An inquiry into the collapse of the Irish banking system will illuminate a dark period of the country’s past, the head of the investigation has said.
The Irish government guaranteed the nation’s ailing banks in 2008, a decision which eventually led to a €64bn rescue of the financial system and an international bailout of the state.
A parliamentary committee in Dublin is looking at banking, regulation and crisis management by Irish authorities, before publishing a final report in November.
Committee chairman Ciaran Lynch said: “It is an opportunity to shine a light on a dark and painful recent time in our past, an opportunity to piece together the events of that time, an opportunity to learn from the mistakes that were made and an opportunity to ensure that those mistakes are not repeated.”
Peter Nyberg, a former IMF economist and Finnish government banking official, was questioned by a group of 11 legislators on his 2011 government-commissioned report into the crisis.
He said the Irish Government had taken the safe option in deciding to bail out the ailing banks following a property price bubble.

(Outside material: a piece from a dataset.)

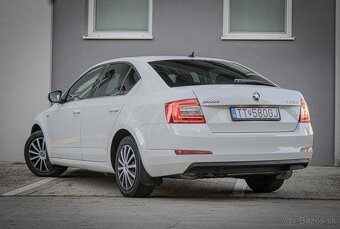 Škoda Octavia 2.0 TDI JOY - 7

“When decision-makers are faced with that situation, what one tends to do is take the safe decision even though afterwards it might not seem so wise, and that is what I think the Government did.”
He said he understood but did not necessarily condone the move.
“It is a culmination of a lot of mistakes that were made before but the mistakes were not made on that night, the mistakes were made several years before and not only by the Government but really by everyone else.”
The Irish property bubble was not a unique phenomenon and could be compared to developments in Spain and Scandinavia, said Mr Nyberg. Despite this, it was “home grown”.
He said the blame for the handling of the crisis was more widespread than just the Government, which had to assure the markets that the banks were solid enough to lend to.
Mr Nyberg added there was an underlying assumption before the collapse that the financial institutions were stable and efficient.
He said there were doubters.
“People are smart but it is very difficult. People doubted in the beginning but once your doubts have proven unfounded year after year you might change your mind.”
He pointed out that a lot of people were enjoying “concrete” benefits during the bubble – the Government was reinvesting boosted tax takes in higher public sector wages, better social security and “onerous” costs for public sector services.
He said hundreds of individual decisions had to be examined, by people who felt they did not do anything wrong but which made the crisis possible.